Against the veteran Mikhail Youzhny—against whom Federer brandished a career 16-0 record—Federer dominated the first set. The back issues that clouded his U.S. Open forecast looked fine. His decision to spend yesterday practicing amid the people in Central Park looked wise as well as populist. Then Federer played a pair of sets that were remarkable sloppy, a festival of unforced errors. He moved like, well, a 36-year-old man. (And his opponent played gamely.) A set from defeat, Federer rallied, benefitted from a Youzhny spill and survived.
Strange match; even without the 68 unforced errors, this was never in contention for the greatest hits album. But a win nonetheless. And now another 35-year-old opponent, Feliciano Lopez, awaits.
• It’s become axiomatic that forehands and backhands are only part of a player’s repertoire. It’s their rations of courage that can be just as important, We got a glimpse of this—actually far more than a glimpse—on Thursday in the women’s draw. In the longest women's match in U.S. Open history, Shelby Rogers of Charleston outlasted Daria Gavrilova, of Australia, 7-6(6), 4-6, 7-6(5) after three hours and 31 minutes. We say it again: there is nothing in sports like a pitched tennis battle. Rogers won this one. And she gets Ukrainian Elina Svitolina in the third round.
• We should all underachieve like Gael Monfils. The French performance artist treads that tightrope, Philippe Petit style, between entertainer and clown. For someone of his talent and native athleticism, he ought to have more than six titles. He also spent the better part of a decade-plus at the top of the sport, winning nearly $14 million in prize money and reaching the semis at multiple Slams (including here last year.)
On Thursday, Monfils simply outfought Donald Young, breaking the American at 5-5 in the decisive set and walking off a winner 6-3, 6-7, 6-4, 2-6, 7-5. With the draw yawning open, opportunities await the Monf. He may not win. But he won't be boring. And, as he turns 31 on Friday, he deserves acknowledgment for he’s done, not what he hasn’t.
• Grigor Dimitrov is an undeniably talented player, lovely to watch and lovely to deal with. But as a Grand Slam contender, too often he takes on the qualities of fool’s gold. After winning the Cincinnati Masters 1000—the biggest title of his career—earlier this month, Dimitrov rolled into town as a contender and hot pick. He is now neither. In a strangely lop-sided match, he lost to 19-year-old Andrey Rublev. Credit where it’s due: Rublev—one yoked with Sascha Zverev as a player brimming with potential—has ascended steadily if too slowly for the likes of the salon. Today, he scored the biggest win of his promising career. But we need to talk about Dimitrov…..

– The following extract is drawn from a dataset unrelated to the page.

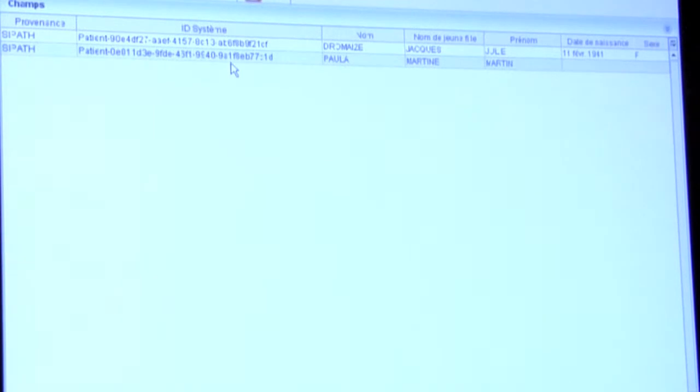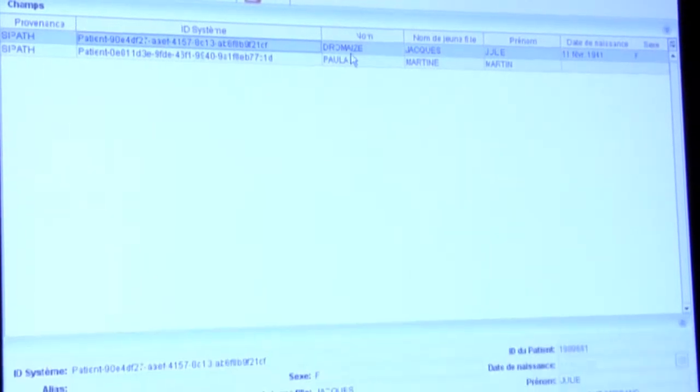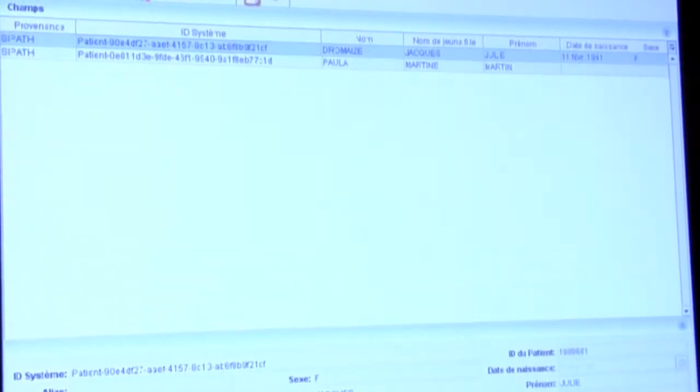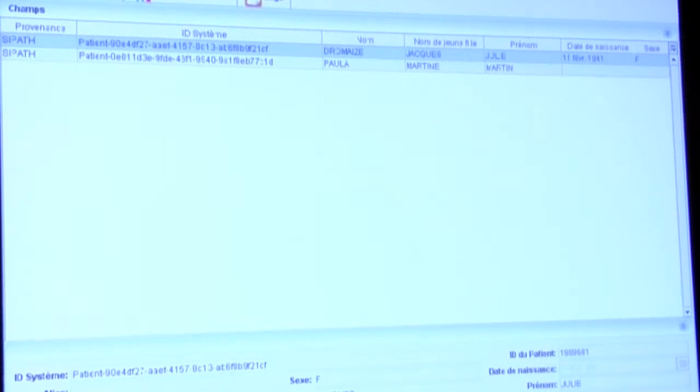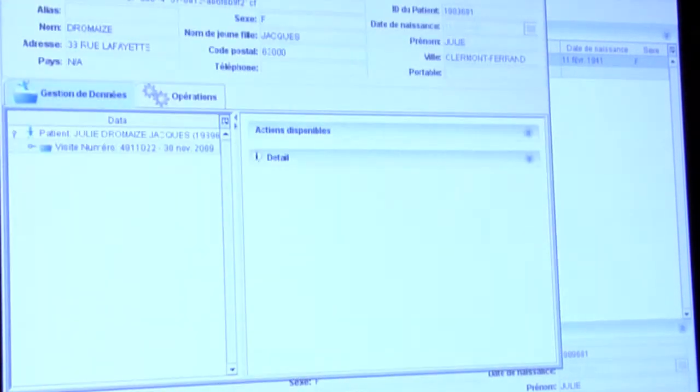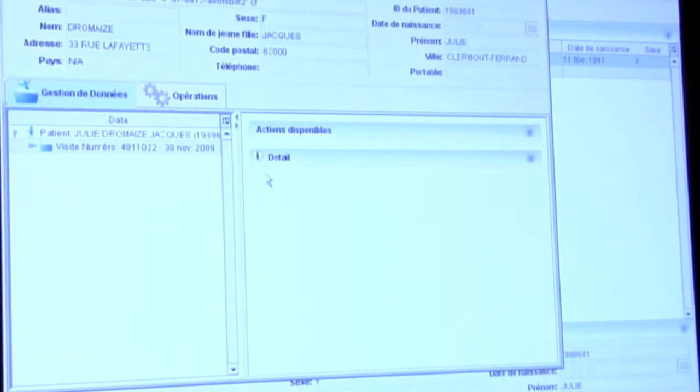So we can open a patient, Mrs. Dromez, and we will show the patient sheets concerning this patient.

• More from the Curious Case of Nick Kyrgios. Or the Kyrgios case of Nick Curious. A day after a dismal singles loss in which he said his serving shoulder felt numb, the erratic Aussie was back on the courts today…playing doubles. O-kay.

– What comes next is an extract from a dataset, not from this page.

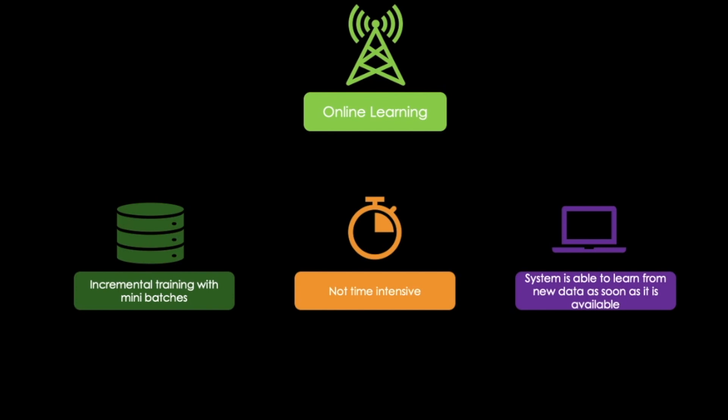Online learning is great for systems that receive data as continuous flows, so for instance stock prices, and need to adapt to change rapidly or autonomously. Online learning is a really good option if we have limited computing resources.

Playing alongside his friend and countryman Matt Reid, Kyrgios spent two hours on the court and, while his shoulder looked fine, he appeared to struggle with his movement. And, Kyrgios being Kyrgios, he then dazzled in the end, helped earn a critical break of serve and prevailed over Joao Sousa and J-L Struff, 3-6, 7-6, 6-4. There is something maddening about Kyrgios and his on-again, off-again relationship with professionalism. There is also something endearing about a guy with such little regard for convention.